During his tenure, a new undergraduate major in computer engineering came online, and graduate enrollments doubled. Under him, the campus expanded linguistics, high-energy physics, and new research programs in seismology, agroecology, and applied economics.
Slugging it out with a sea lion
Fans of UC Santa Cruz’s quirky mascot, Sammy the Slug, remember Robert Sinsheimer’s name because of his spirited, if short-lived, opposition to the mascot in the mid-1980s.
As is well known, I would prefer a mascot with more spirit and vigor. However, the students are entitled to a mascot they desire and with which they can identify. I also suggest that it would be most desirable for our biological scientists to begin a program of genetic engineering research upon the slug, ‘to improve the breed.’ The potential seems endless.
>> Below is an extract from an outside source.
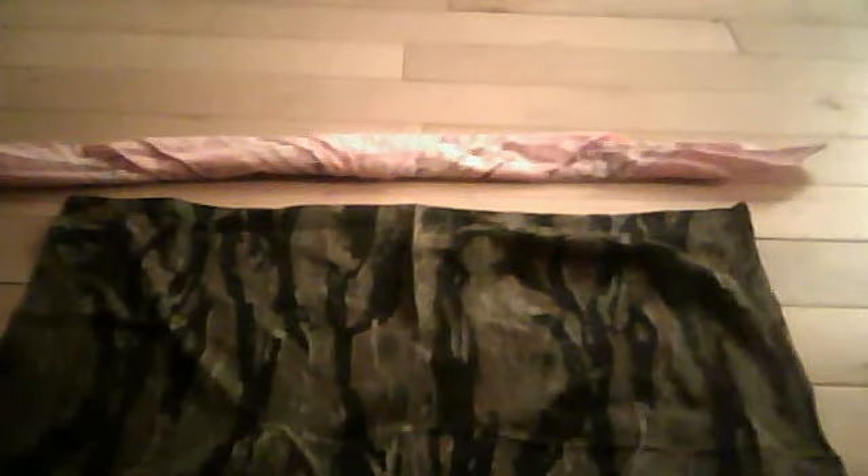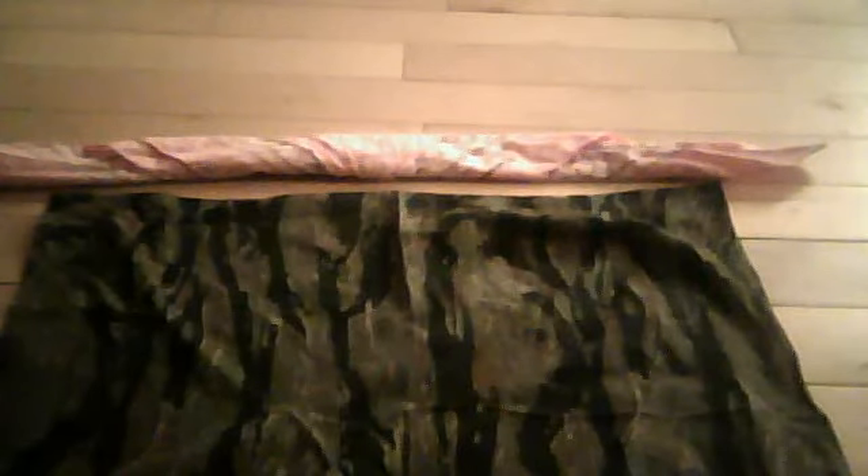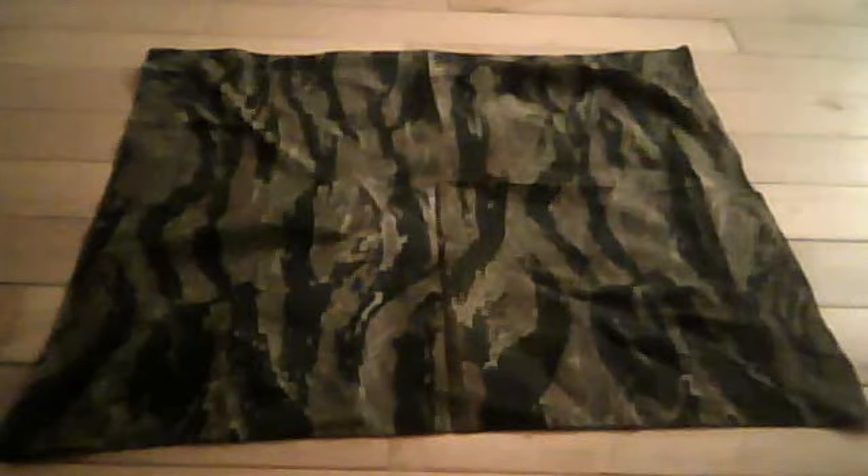Hey guys, what I have in front of me right now is two bandanas. I'm just going to show you guys how to tie a bandana because I know not many people know how. Here I've got one that's already done — you can tie around and set that aside. Now here you have a standard people slash airsoft bandana.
It all started when Sinsheimer brought the campus into the National Collegiate Athletic Association (NCAA) as a Division III school for the first time. UC Santa Cruz had unofficial sports “clubs” but no NCAA teams up to then.
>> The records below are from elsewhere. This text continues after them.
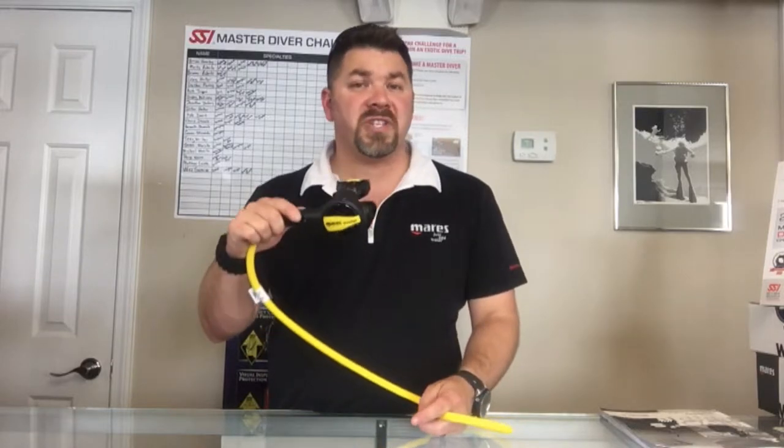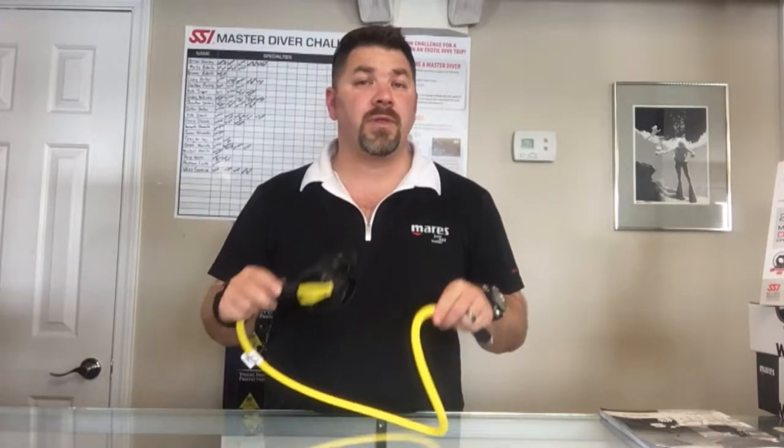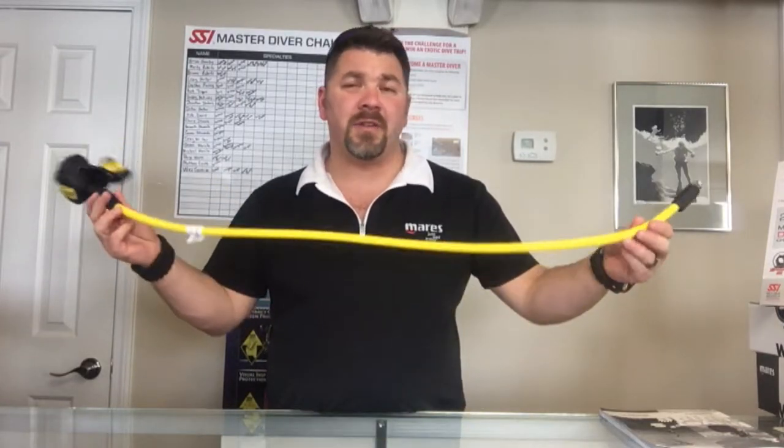What's up guys, it's Brian again from Lake Hickory Scoobin' Marina. Got another quick gear review for you today. We're gonna look at the Marius Prestige alternate second stage regulator system, and this is the mate for the standard Prestige 15x regulator. It comes with the mile flex hose.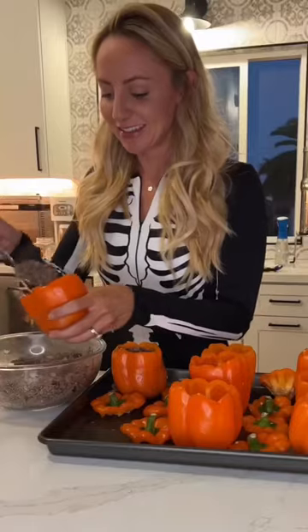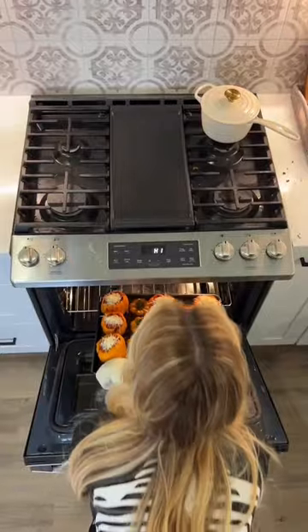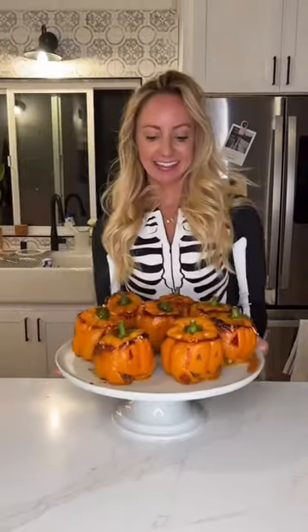All you do is take this onion and beef mixture into your bell peppers, pop it into the oven, add some marinara sauce and some cheese, broil it, and you've got dinner ready to go.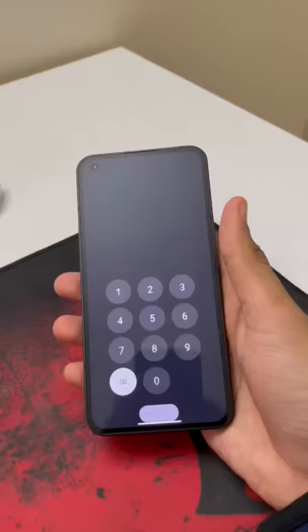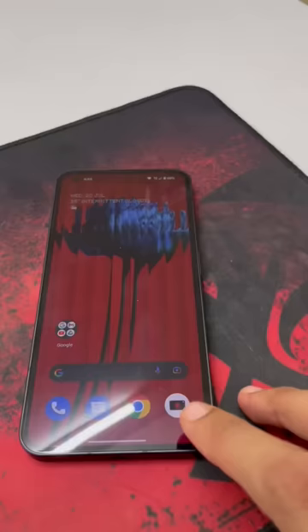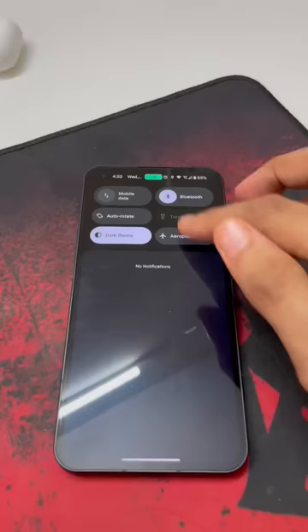Let's see how the brightness is going. I will open the camera application. It will be affected by the brightness. I will put the brightness to full and check it.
NCAA Division III–affiliated colleges were expected to have an official mascot. In 1981, a group of student athletes supported the sea lion; Sinsheimer backed their choice. And yet the slug lived on in the hearts and minds of students who wanted a more surprising and nontraditioanl mascot. “Slime ‘em!” and “Go, Slugs!” were common cheers at sports games.
In 1986, the newly formed Student Union Assembly voted to put the mascot issue on a campuswide ballot measure. The students had spoken; the banana slug easily defeated the sea lion at the polls.
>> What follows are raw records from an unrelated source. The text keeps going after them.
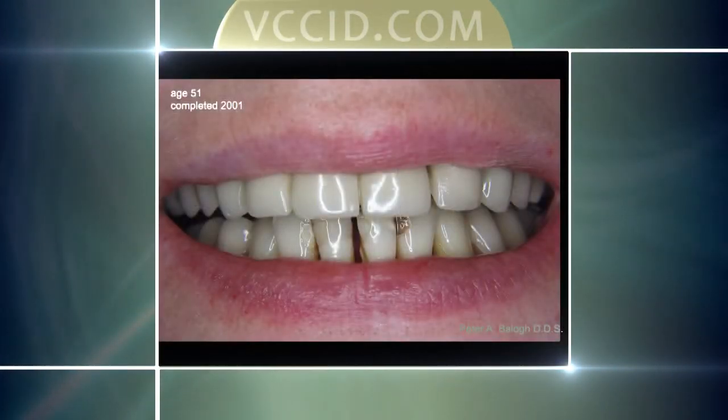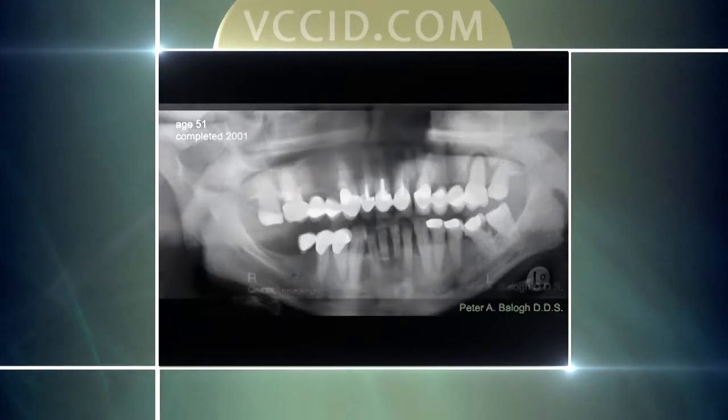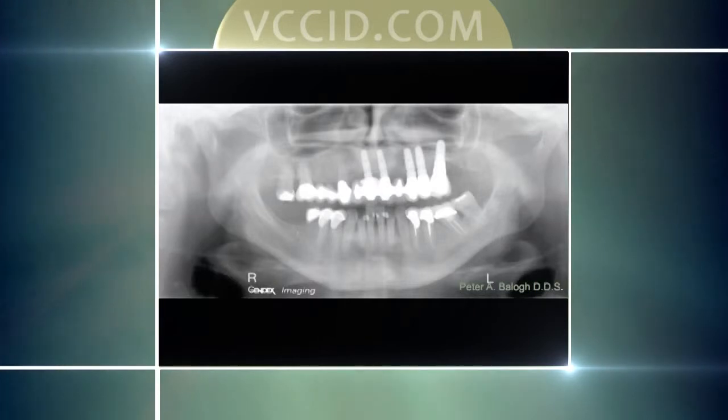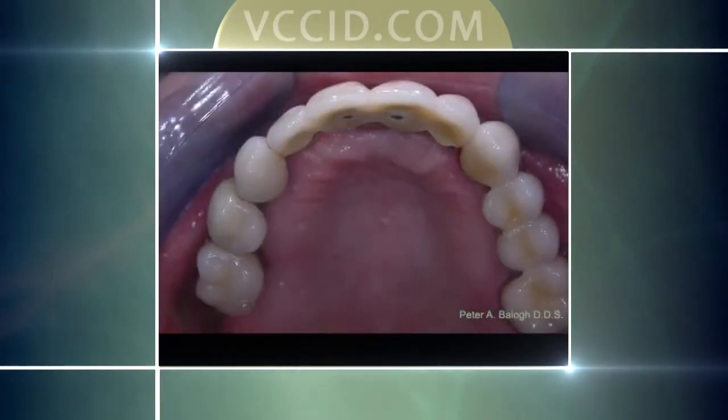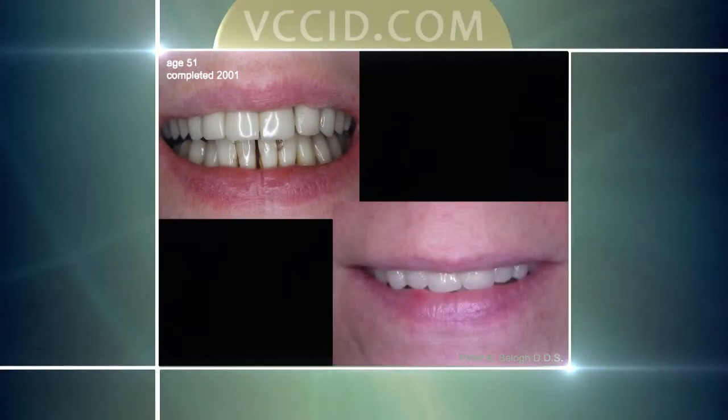Another situation done 13 years ago: there was an upper bridge with some teeth failing. The other teeth were salvageable and we could fix them. We had to replace seven teeth, and there are five implants holding that seven-tooth bridge in place. Here it is in the mouth and on the x-rays, and the before and after that you can see.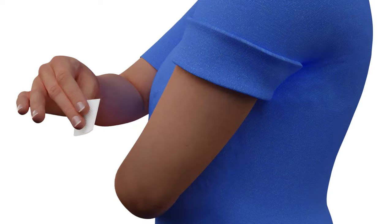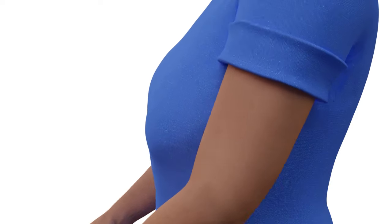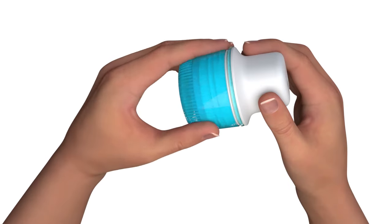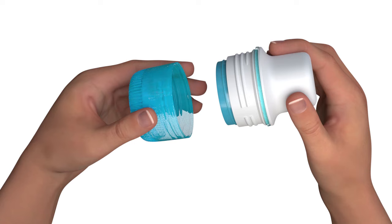Clean the insertion site with alcohol and let the skin dry before inserting the sensor. Remove the cap and immediately insert the sensor on your body. Do not use the sensor if it has been contaminated — for example, if you have dropped the uncapped sensor on the floor.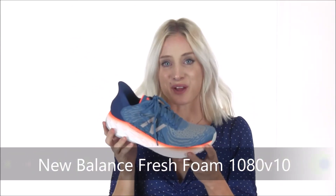Hey shoe shoppers, it's Flo here from Dodge Shoe Company showing you the Fresh Foam 1080 V10 from New Balance. Premium cushioning, lightweight flexibility, and cutting-edge comfort come together in this neutral trainer you'll be sure to reach for run after run.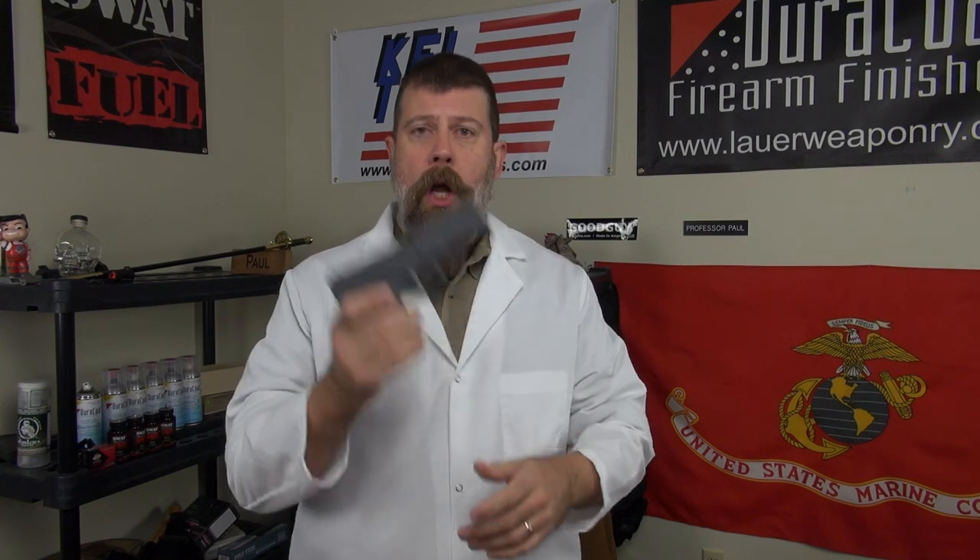If you're doing holster drills, if you're just showing people how to do a grip and manipulation, use a plastic dummy gun. Rings guns — they're blue, yellow, green, orange. Buy these, put them in your kit bag, and use them.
Initially, Sinsheimer, in spite of the nonbinding ballot measure results, could not work up enthusiasm for the slug.
Later on, Sinsheimer went along with the vote, though he greeted the news with a characteristically tongue-in-cheek statement:
“As is well known, I would prefer a mascot with more spirit and vigor. However, the students are entitled to a mascot they desire and with which they can identify,” Sinsheimer wrote. “I also suggest that it would be most desirable for our biological scientists to begin a program of genetic engineering research upon the slug, ‘to improve the breed.’ The potential seems endless.”
Easing into a new life
Sinsheimer retired from UC Santa Cruz in 1987. Donor Arthur Graham, along with his wife, Carol, chose to honor him that year by establishing the Robert L. Sinsheimer Professor of Molecular Biology Chair to support teaching and research in molecular biology. Graham, a longtime campus benefactor, was Sinsheimer’s roommate at MIT. Distinguished professor
Harry Noller, director of the Center for Molecular Biology of RNA and winner of a $3 million Breakthrough Prize in Life Sciences in 2016, holds the chair.
After his retirement, Sinsheimer moved to Santa Barbara with his wife, Karen. Karen Sinsheimer served as curator of photography at the Santa Barbara Museum of Art until her death in 2015. Sinsheimer became a professor in the UC Santa Barbara Biology Department, then joined the Department of Molecular, Cellular, and Developmental Biology as emeritus professor.
But Sinsheimer took some time to savor his years at UC Santa Cruz before heading off into this new chapter.
In his last days as chancellor here, “There were the accustomed bittersweet farewell dinners and events,” he recalled later on. “Many people seemed genuinely sorry to see us leave, and I was deeply touched.”
As a parting gift, Karen Sinsheimer was named “Woman of the Year” by the Santa Cruz Chamber of Commerce. Like her husband, she had left a lasting mark on the campus and the Santa Cruz community. She was hailed as one of the “great leading ladies” of Shakespeare Santa Cruz, serving as the founding board president for the festival. Later, she served on the Santa Cruz Shakespeare board.
The Sinsheimers appreciated the good wishes of their friends and colleagues as they prepared for their big move.
“Even faculty and community people with whom I had been much at odds seemed to mellow and sheathe their swords and wish us well as the time drew near,” Sinsheimer recalled. “But it was time to go. Science beckoned.”